Top of PROVIDED MATERIAL

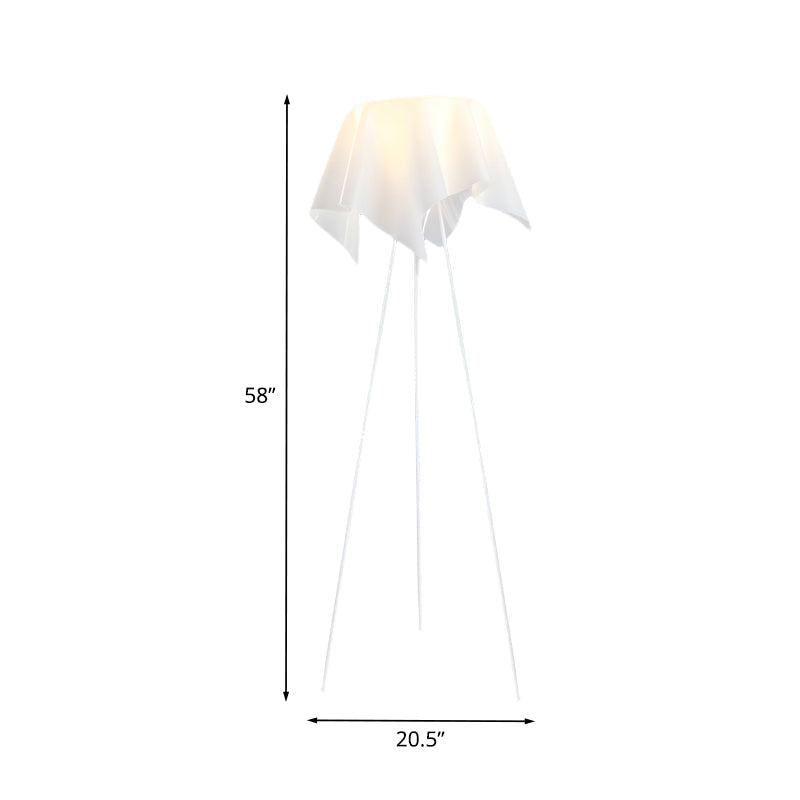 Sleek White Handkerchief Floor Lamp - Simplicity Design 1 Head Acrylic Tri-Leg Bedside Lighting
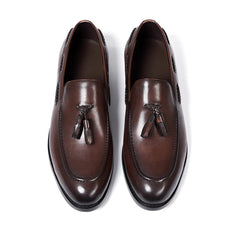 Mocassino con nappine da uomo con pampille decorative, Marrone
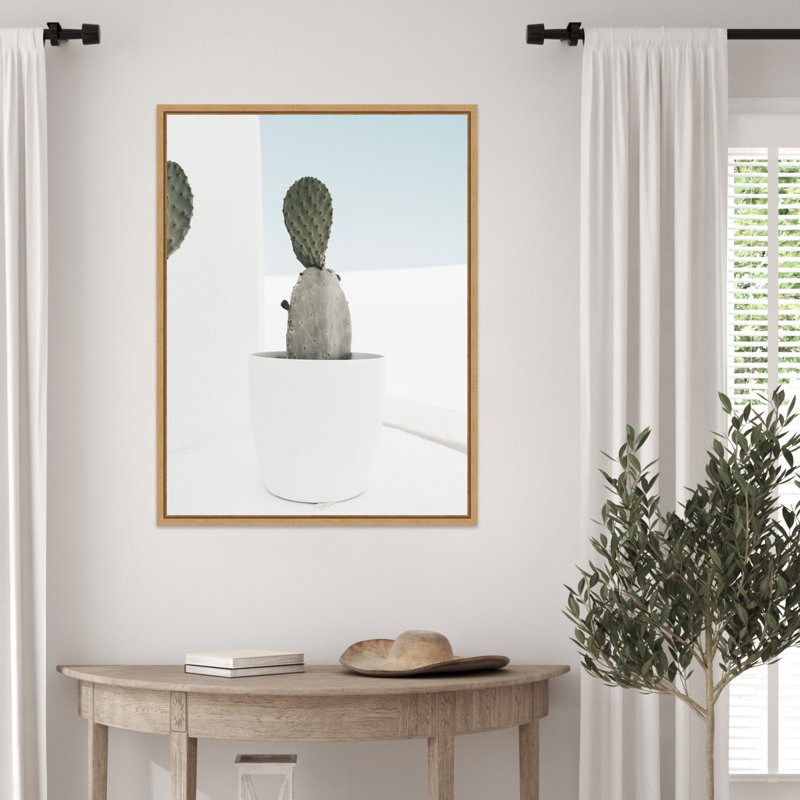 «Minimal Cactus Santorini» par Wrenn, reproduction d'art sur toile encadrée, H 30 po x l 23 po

Bottom of PROVIDED MATERIAL
Top of PROVIDED MATERIAL

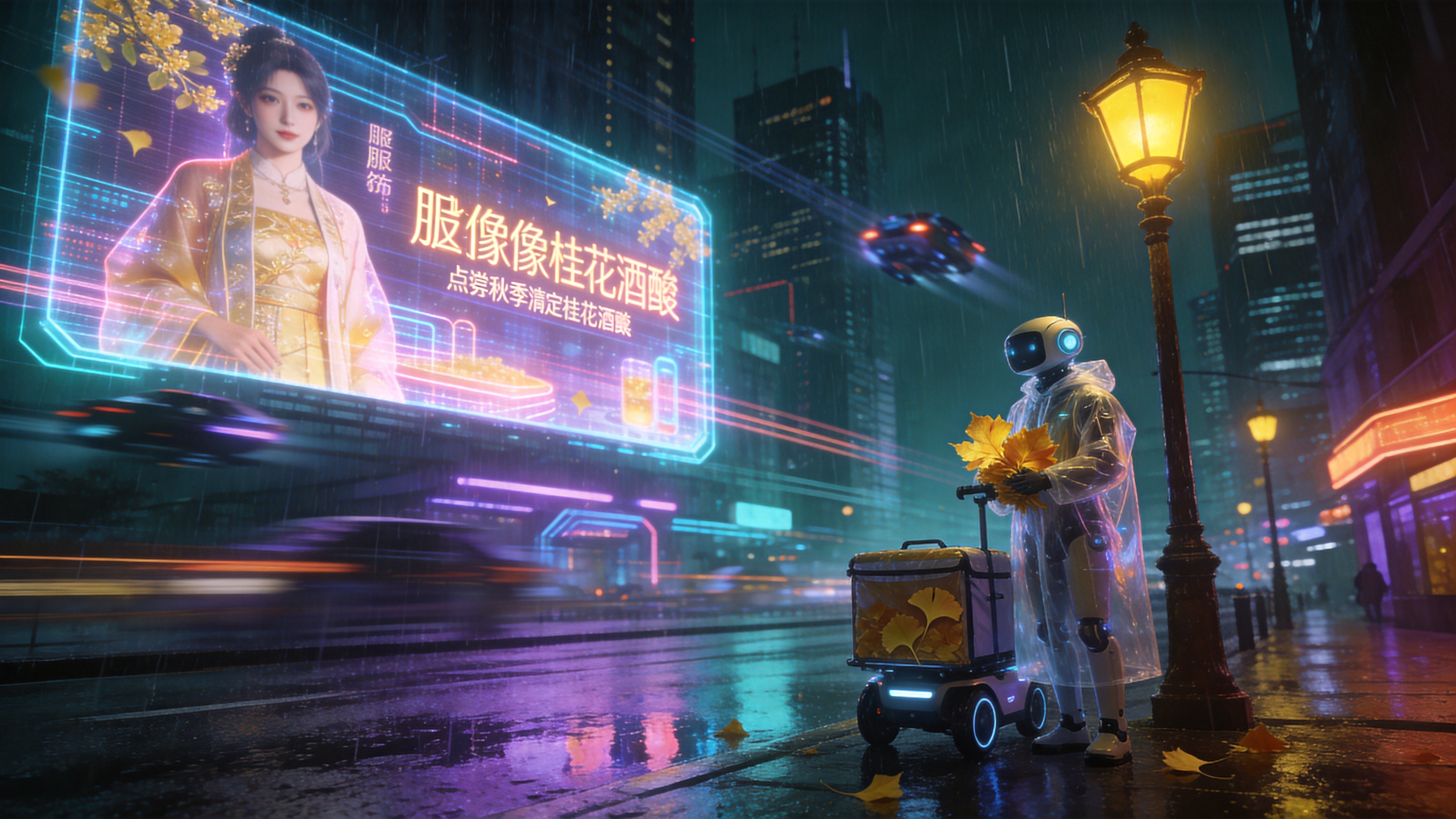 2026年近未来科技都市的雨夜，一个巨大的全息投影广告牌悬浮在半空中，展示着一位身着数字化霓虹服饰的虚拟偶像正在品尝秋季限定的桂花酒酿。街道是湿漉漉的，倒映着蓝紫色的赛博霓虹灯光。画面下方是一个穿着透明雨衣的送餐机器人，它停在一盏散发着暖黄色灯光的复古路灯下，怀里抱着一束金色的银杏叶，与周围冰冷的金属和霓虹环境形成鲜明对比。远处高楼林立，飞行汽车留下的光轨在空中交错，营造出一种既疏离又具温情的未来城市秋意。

Bottom of PROVIDED MATERIAL
Top of PROVIDED MATERIAL

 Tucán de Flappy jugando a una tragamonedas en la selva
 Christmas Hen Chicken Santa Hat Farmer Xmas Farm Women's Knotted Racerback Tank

Bottom of PROVIDED MATERIAL

■ **PROBLEM DESCRIPTION**: Please output exactly the lines between the one holding "Tucán de Flappy" and the one holding "Christmas Hen Chicken" in the records above, inclusive, and nothing more.

■ **OUTPUT BELOW**:
 Tucán de Flappy jugando a una tragamonedas en la selva
 Christmas Hen Chicken Santa Hat Farmer Xmas Farm Women's Knotted Racerback Tank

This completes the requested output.